**Your assignment**
No pictures, no extra lines: copy exactly from the line with "Corduroy Pants, Stig" through the end of the entries.

**Provided data**
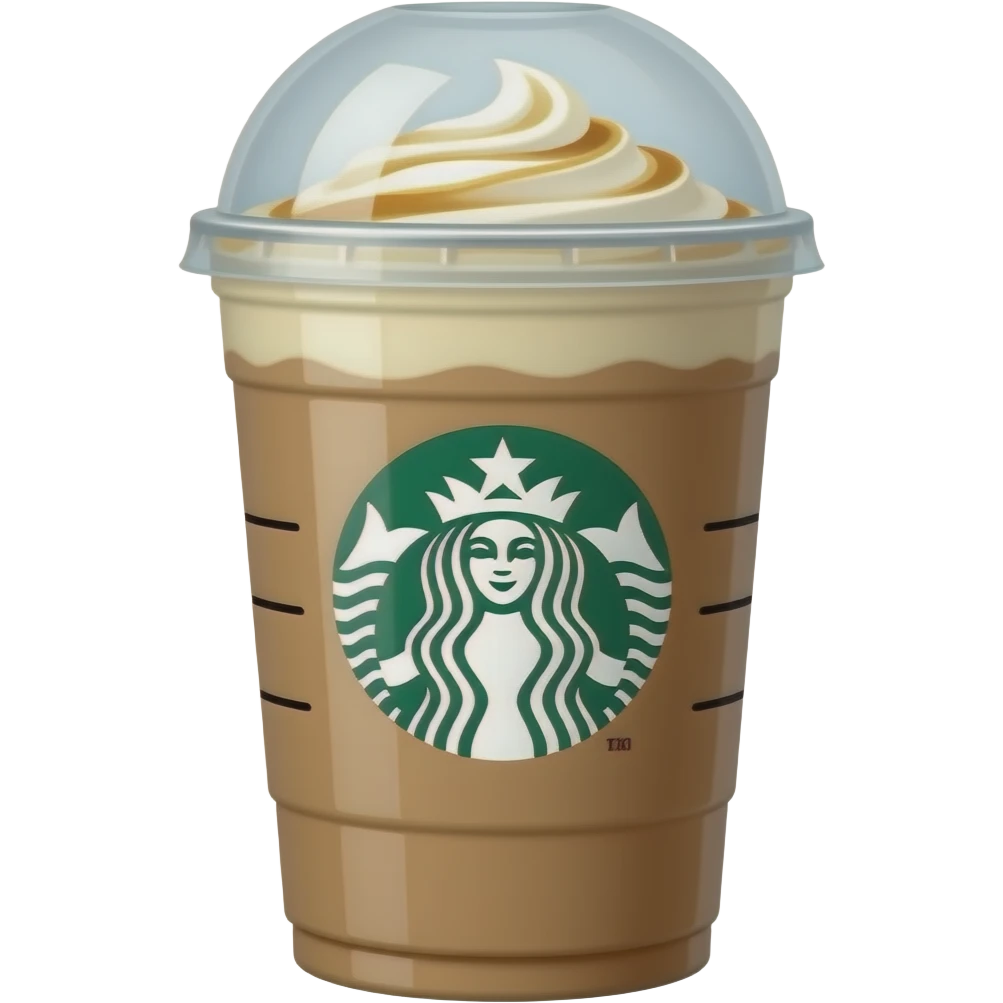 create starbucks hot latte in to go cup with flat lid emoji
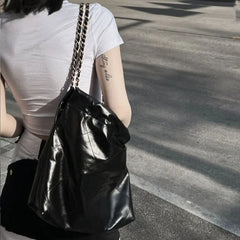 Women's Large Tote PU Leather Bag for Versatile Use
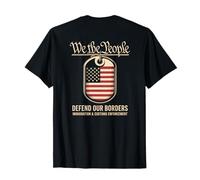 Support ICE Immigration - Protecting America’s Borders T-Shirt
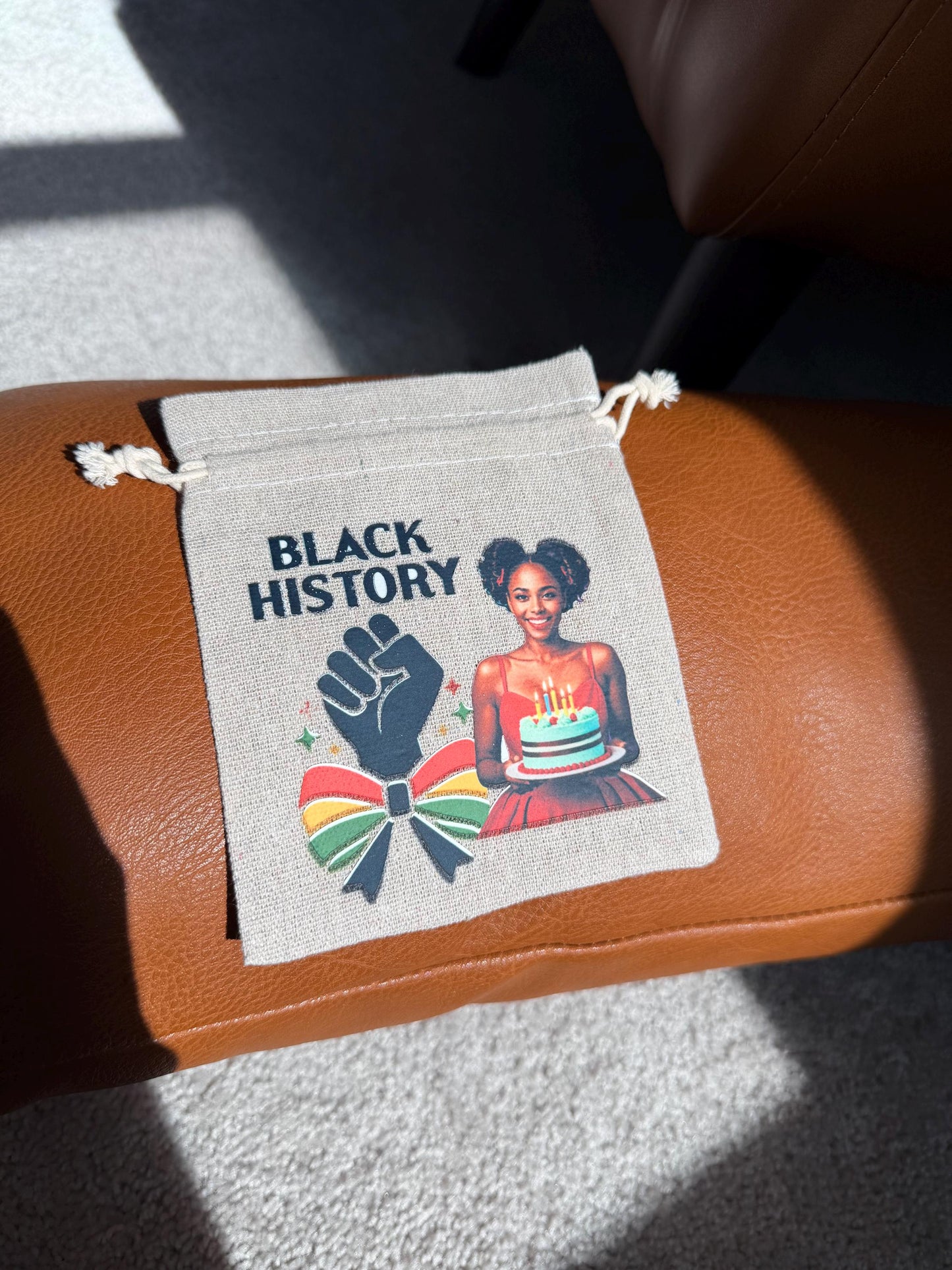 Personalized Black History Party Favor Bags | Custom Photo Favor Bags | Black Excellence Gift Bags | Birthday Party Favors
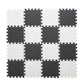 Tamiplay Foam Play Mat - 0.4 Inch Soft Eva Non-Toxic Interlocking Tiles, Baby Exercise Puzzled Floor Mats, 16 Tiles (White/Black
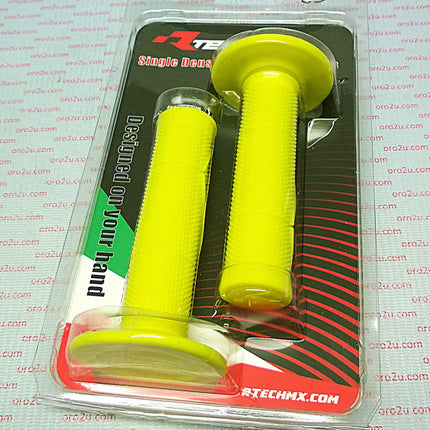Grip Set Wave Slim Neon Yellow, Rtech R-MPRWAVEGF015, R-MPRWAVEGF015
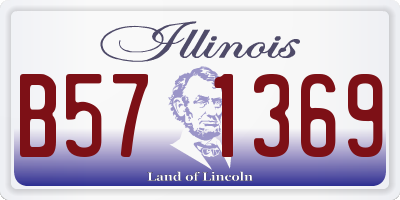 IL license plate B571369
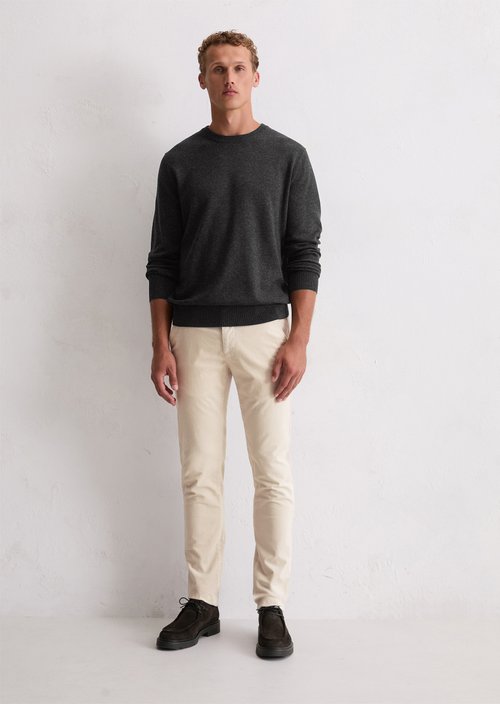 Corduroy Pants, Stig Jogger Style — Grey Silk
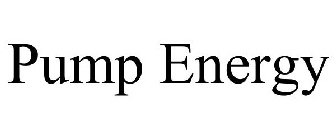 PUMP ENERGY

**Task output**
 Corduroy Pants, Stig Jogger Style — Grey Silk
 PUMP ENERGY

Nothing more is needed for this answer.